• [Task statement] All of the entries need to be written out again, exactly as they are.

• [Source information]
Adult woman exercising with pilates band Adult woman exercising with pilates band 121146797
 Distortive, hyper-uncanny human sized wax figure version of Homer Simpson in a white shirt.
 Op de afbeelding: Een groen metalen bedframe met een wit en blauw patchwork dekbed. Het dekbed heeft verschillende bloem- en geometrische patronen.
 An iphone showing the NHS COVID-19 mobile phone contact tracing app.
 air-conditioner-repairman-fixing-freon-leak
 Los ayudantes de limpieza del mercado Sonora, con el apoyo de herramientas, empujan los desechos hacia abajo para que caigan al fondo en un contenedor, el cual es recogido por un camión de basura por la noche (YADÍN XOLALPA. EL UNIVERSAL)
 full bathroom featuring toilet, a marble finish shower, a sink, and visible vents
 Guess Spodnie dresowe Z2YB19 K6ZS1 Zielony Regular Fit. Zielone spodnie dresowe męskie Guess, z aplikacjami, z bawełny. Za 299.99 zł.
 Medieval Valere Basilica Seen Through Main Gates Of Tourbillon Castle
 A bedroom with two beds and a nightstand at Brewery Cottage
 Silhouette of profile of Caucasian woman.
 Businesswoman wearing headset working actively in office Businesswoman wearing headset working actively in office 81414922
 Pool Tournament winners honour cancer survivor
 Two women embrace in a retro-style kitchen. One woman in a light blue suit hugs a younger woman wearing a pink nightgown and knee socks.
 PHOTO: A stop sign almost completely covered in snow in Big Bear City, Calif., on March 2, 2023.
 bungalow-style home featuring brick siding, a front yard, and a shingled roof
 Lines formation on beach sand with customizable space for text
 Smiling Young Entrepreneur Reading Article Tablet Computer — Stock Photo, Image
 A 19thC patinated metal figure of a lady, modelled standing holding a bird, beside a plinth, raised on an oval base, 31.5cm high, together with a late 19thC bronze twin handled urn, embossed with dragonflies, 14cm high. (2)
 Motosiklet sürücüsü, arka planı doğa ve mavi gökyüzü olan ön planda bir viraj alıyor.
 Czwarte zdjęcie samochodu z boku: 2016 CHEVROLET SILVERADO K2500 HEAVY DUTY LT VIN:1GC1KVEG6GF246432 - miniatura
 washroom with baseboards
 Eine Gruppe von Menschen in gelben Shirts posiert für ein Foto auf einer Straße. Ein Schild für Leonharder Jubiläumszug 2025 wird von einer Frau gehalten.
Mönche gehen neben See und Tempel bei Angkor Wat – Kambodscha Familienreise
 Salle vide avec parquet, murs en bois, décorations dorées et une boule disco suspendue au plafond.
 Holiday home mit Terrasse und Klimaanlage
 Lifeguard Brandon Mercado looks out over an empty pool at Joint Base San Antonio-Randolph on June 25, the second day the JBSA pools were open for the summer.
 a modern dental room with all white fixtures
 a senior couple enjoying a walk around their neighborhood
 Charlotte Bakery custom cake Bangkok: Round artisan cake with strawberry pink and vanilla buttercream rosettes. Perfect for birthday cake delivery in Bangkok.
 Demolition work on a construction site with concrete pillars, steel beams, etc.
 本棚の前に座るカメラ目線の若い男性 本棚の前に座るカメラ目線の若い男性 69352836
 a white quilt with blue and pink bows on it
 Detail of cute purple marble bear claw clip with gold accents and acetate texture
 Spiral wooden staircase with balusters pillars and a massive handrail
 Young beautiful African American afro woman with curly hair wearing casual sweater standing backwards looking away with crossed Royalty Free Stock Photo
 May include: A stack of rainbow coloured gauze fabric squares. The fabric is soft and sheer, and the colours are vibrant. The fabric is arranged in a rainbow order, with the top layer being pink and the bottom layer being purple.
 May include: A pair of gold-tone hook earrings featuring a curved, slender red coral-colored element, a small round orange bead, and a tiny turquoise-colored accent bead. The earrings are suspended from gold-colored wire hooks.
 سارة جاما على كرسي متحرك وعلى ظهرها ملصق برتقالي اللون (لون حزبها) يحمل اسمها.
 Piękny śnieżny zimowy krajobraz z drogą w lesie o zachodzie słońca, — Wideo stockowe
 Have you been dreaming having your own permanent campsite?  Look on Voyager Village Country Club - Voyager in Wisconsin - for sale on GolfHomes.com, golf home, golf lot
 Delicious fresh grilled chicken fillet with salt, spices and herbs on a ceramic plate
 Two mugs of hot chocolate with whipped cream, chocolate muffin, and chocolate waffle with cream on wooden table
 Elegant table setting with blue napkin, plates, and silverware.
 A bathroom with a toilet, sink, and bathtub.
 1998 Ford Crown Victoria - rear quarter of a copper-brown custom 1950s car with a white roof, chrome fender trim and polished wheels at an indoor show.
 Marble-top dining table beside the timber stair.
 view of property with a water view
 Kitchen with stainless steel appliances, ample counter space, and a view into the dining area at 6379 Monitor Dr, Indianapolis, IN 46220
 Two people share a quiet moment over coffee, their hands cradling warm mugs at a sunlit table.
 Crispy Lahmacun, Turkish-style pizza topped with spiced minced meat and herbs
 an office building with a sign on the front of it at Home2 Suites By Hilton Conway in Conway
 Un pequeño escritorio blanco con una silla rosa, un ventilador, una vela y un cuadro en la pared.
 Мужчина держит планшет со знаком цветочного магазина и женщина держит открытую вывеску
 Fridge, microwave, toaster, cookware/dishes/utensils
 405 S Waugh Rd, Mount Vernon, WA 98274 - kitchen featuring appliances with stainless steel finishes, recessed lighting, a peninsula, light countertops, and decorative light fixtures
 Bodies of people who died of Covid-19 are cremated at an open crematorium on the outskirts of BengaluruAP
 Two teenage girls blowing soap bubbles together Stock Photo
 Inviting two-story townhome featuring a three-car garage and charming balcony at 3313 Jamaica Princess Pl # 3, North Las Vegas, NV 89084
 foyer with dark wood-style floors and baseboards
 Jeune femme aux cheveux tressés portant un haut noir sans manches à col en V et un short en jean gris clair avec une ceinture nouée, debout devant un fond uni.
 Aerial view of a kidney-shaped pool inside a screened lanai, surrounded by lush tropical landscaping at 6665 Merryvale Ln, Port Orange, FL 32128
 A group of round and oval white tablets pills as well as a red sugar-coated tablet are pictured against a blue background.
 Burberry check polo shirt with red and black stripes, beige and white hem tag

• [Response box]
Adult woman exercising with pilates band Adult woman exercising with pilates band 121146797
 Distortive, hyper-uncanny human sized wax figure version of Homer Simpson in a white shirt.
 Op de afbeelding: Een groen metalen bedframe met een wit en blauw patchwork dekbed. Het dekbed heeft verschillende bloem- en geometrische patronen.
 An iphone showing the NHS COVID-19 mobile phone contact tracing app.
 air-conditioner-repairman-fixing-freon-leak
 Los ayudantes de limpieza del mercado Sonora, con el apoyo de herramientas, empujan los desechos hacia abajo para que caigan al fondo en un contenedor, el cual es recogido por un camión de basura por la noche (YADÍN XOLALPA. EL UNIVERSAL)
 full bathroom featuring toilet, a marble finish shower, a sink, and visible vents
 Guess Spodnie dresowe Z2YB19 K6ZS1 Zielony Regular Fit. Zielone spodnie dresowe męskie Guess, z aplikacjami, z bawełny. Za 299.99 zł.
 Medieval Valere Basilica Seen Through Main Gates Of Tourbillon Castle
 A bedroom with two beds and a nightstand at Brewery Cottage
 Silhouette of profile of Caucasian woman.
 Businesswoman wearing headset working actively in office Businesswoman wearing headset working actively in office 81414922
 Pool Tournament winners honour cancer survivor
 Two women embrace in a retro-style kitchen. One woman in a light blue suit hugs a younger woman wearing a pink nightgown and knee socks.
 PHOTO: A stop sign almost completely covered in snow in Big Bear City, Calif., on March 2, 2023.
 bungalow-style home featuring brick siding, a front yard, and a shingled roof
 Lines formation on beach sand with customizable space for text
 Smiling Young Entrepreneur Reading Article Tablet Computer — Stock Photo, Image
 A 19thC patinated metal figure of a lady, modelled standing holding a bird, beside a plinth, raised on an oval base, 31.5cm high, together with a late 19thC bronze twin handled urn, embossed with dragonflies, 14cm high. (2)
 Motosiklet sürücüsü, arka planı doğa ve mavi gökyüzü olan ön planda bir viraj alıyor.
 Czwarte zdjęcie samochodu z boku: 2016 CHEVROLET SILVERADO K2500 HEAVY DUTY LT VIN:1GC1KVEG6GF246432 - miniatura
 washroom with baseboards
 Eine Gruppe von Menschen in gelben Shirts posiert für ein Foto auf einer Straße. Ein Schild für Leonharder Jubiläumszug 2025 wird von einer Frau gehalten.
Mönche gehen neben See und Tempel bei Angkor Wat – Kambodscha Familienreise
 Salle vide avec parquet, murs en bois, décorations dorées et une boule disco suspendue au plafond.
 Holiday home mit Terrasse und Klimaanlage
 Lifeguard Brandon Mercado looks out over an empty pool at Joint Base San Antonio-Randolph on June 25, the second day the JBSA pools were open for the summer.
 a modern dental room with all white fixtures
 a senior couple enjoying a walk around their neighborhood
 Charlotte Bakery custom cake Bangkok: Round artisan cake with strawberry pink and vanilla buttercream rosettes. Perfect for birthday cake delivery in Bangkok.
 Demolition work on a construction site with concrete pillars, steel beams, etc.
 本棚の前に座るカメラ目線の若い男性 本棚の前に座るカメラ目線の若い男性 69352836
 a white quilt with blue and pink bows on it
 Detail of cute purple marble bear claw clip with gold accents and acetate texture
 Spiral wooden staircase with balusters pillars and a massive handrail
 Young beautiful African American afro woman with curly hair wearing casual sweater standing backwards looking away with crossed Royalty Free Stock Photo
 May include: A stack of rainbow coloured gauze fabric squares. The fabric is soft and sheer, and the colours are vibrant. The fabric is arranged in a rainbow order, with the top layer being pink and the bottom layer being purple.
 May include: A pair of gold-tone hook earrings featuring a curved, slender red coral-colored element, a small round orange bead, and a tiny turquoise-colored accent bead. The earrings are suspended from gold-colored wire hooks.
 سارة جاما على كرسي متحرك وعلى ظهرها ملصق برتقالي اللون (لون حزبها) يحمل اسمها.
 Piękny śnieżny zimowy krajobraz z drogą w lesie o zachodzie słońca, — Wideo stockowe
 Have you been dreaming having your own permanent campsite?  Look on Voyager Village Country Club - Voyager in Wisconsin - for sale on GolfHomes.com, golf home, golf lot
 Delicious fresh grilled chicken fillet with salt, spices and herbs on a ceramic plate
 Two mugs of hot chocolate with whipped cream, chocolate muffin, and chocolate waffle with cream on wooden table
 Elegant table setting with blue napkin, plates, and silverware.
 A bathroom with a toilet, sink, and bathtub.
 1998 Ford Crown Victoria - rear quarter of a copper-brown custom 1950s car with a white roof, chrome fender trim and polished wheels at an indoor show.
 Marble-top dining table beside the timber stair.
 view of property with a water view
 Kitchen with stainless steel appliances, ample counter space, and a view into the dining area at 6379 Monitor Dr, Indianapolis, IN 46220
 Two people share a quiet moment over coffee, their hands cradling warm mugs at a sunlit table.
 Crispy Lahmacun, Turkish-style pizza topped with spiced minced meat and herbs
 an office building with a sign on the front of it at Home2 Suites By Hilton Conway in Conway
 Un pequeño escritorio blanco con una silla rosa, un ventilador, una vela y un cuadro en la pared.
 Мужчина держит планшет со знаком цветочного магазина и женщина держит открытую вывеску
 Fridge, microwave, toaster, cookware/dishes/utensils
 405 S Waugh Rd, Mount Vernon, WA 98274 - kitchen featuring appliances with stainless steel finishes, recessed lighting, a peninsula, light countertops, and decorative light fixtures
 Bodies of people who died of Covid-19 are cremated at an open crematorium on the outskirts of BengaluruAP
 Two teenage girls blowing soap bubbles together Stock Photo
 Inviting two-story townhome featuring a three-car garage and charming balcony at 3313 Jamaica Princess Pl # 3, North Las Vegas, NV 89084
 foyer with dark wood-style floors and baseboards
 Jeune femme aux cheveux tressés portant un haut noir sans manches à col en V et un short en jean gris clair avec une ceinture nouée, debout devant un fond uni.
 Aerial view of a kidney-shaped pool inside a screened lanai, surrounded by lush tropical landscaping at 6665 Merryvale Ln, Port Orange, FL 32128
 A group of round and oval white tablets pills as well as a red sugar-coated tablet are pictured against a blue background.
 Burberry check polo shirt with red and black stripes, beige and white hem tag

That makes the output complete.